Aunque hacía rato que el falo zangoloteaba dentro de su vagina, los músculos se negaban a distenderse totalmente y esa falta de elasticidad era la que precisamente hacía más notable y gozoso el roce. Con todo, el placer que la invadía en intensas oleadas era maravilloso y con una espléndida sonrisa de jubilosa embriaguez, comprobó, como ya lo había hecho anteriormente con Mora, que su cuota de masoquismo se veía satisfecha con creces por aquel sufrimiento que se transformaba en intenso goce.
Flexionando las rodillas, inició un movimiento ascendente y descendente que hacía a la verga recorrer ásperamente sus tejidos e inconscientemente, sus manos se dirigieron a los senos para no sólo sobarlos sino someterlos a fuertes estrujones y duros pellizcos a los pezones que terminaron por hacerle perder los últimos vestigios de cordura.
El traqueteo parecía no bastarle y casi en forma autónoma, su pelvis comenzó a menearse adelante y atrás al tiempo que las caderas hacían un movimiento circular que llevaba al falo a rozar aleatoriamente todo su interior.
Rubén había descansado en los primeros momentos de esa jineteada infernal, pero luego decidió recuperar el protagonismo y fue guiándola para que rotara lentamente hasta quedar de frente a él e inspirada, puso en juego su exagerada elasticidad; aferrando con su mano izquierda la pierna derecha la cruzó sobre la nuca para engancharla detrás con lo que el sexo quedaba abierto y oferente. Ante esa voluntariosa entrega, él también se inclinó y la verga, libre ya de impedimento alguno, se introdujo tan profundamente que ella la sentía como si chocara con su estómago mientras que la pelvis de Rubén se estrellaba directamente con los tejidos de la vulva que el abría con los dedos.

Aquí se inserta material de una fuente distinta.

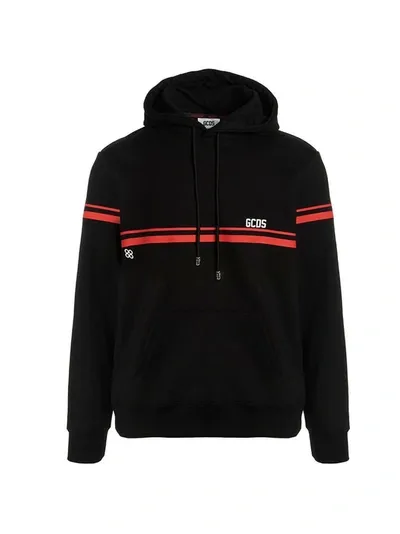 Gcds Low Logo Band Hoodie In Black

Aunque extenuante, esa posición hacía gozar enloquecedoramente a la francesita pero llegó un momento en que no resistió más y cuando se lo expresó al hombre, aquel la hizo retornar a su posición acaballada para luego hacerle inclinar el torso y apoyada con las manos a cada lado de su cuerpo, imprimió a su pelvis un violento bascular para que la verga la penetrara profundamente mientras él se daba un banquete con manos y boca en los senos que oscilaban colgantes ante su cara.
Semejante acople se le hacía sublime y empeñándose en satisfacer al hombre satisfaciéndose ella misma, se dio envión para que su cuerpo se hamacara suavemente disfrutando aun más de la penetración y en esa instancia fue cuando Mora volvió a unírseles. Habiéndose colocado un arnés similar al que utilizara en su casa, acopló su largo cuerpo al de la joven.
Copiando la curvatura del cuerpo, sus manos reemplazaron las del hombre y, mientras su boca besuqueaba y lamía las sudorosas espaldas de Lëila, el bulto insoslayable del consolador presionó entre las nalgas de la muchacha. Contenta por sentir nuevamente el roce cálido de las mórbidas carnes de su amante, no pudo evitar el experimentar cierta alarma por lo que esta se propusiera hacer con la verga artificial, pero los embates insistentes del émbolo carneo del hombre la hicieron desechar cualquier temor y, aplicándose a incrementar el ritmo de la cópula, se dejo ir.
Las manos de la mujer recorrían acuciantes todo el torso y en tanto una se dedicaba a retorcer los pezones e hincar el filo de sus uñas en ellos, la otra deambulaba por el vientre, hurgaba en la mojada mata vellosa y excitaba rudamente al inflamado clítoris. La francesita no cabía en sí de felicidad y al escurrir la bailarina su mano hasta la hendidura entre las nalgas y estimular decididamente los apretados esfínteres del ano, aquellos cedieron mansamente a la presión para que el dedo medio se introdujera lentamente hasta chocar con los nudillos.
La sensación era inefable y sumergida en la vorágine del goce, Lëila acentuó el balanceo de su cuerpo en medio de suspirados asentimientos entremezclados con enfáticas súplicas por mayor sexo. Rubén había ido inclinándole el torso para, en medio de sus apretujones a los senos, enzarzarse con ella en un lento y salvaje besuqueo, ocasión que la otra mujer consideró propicia y apoyó la ovalada cabeza de silicona contra el dilatado haz del ano.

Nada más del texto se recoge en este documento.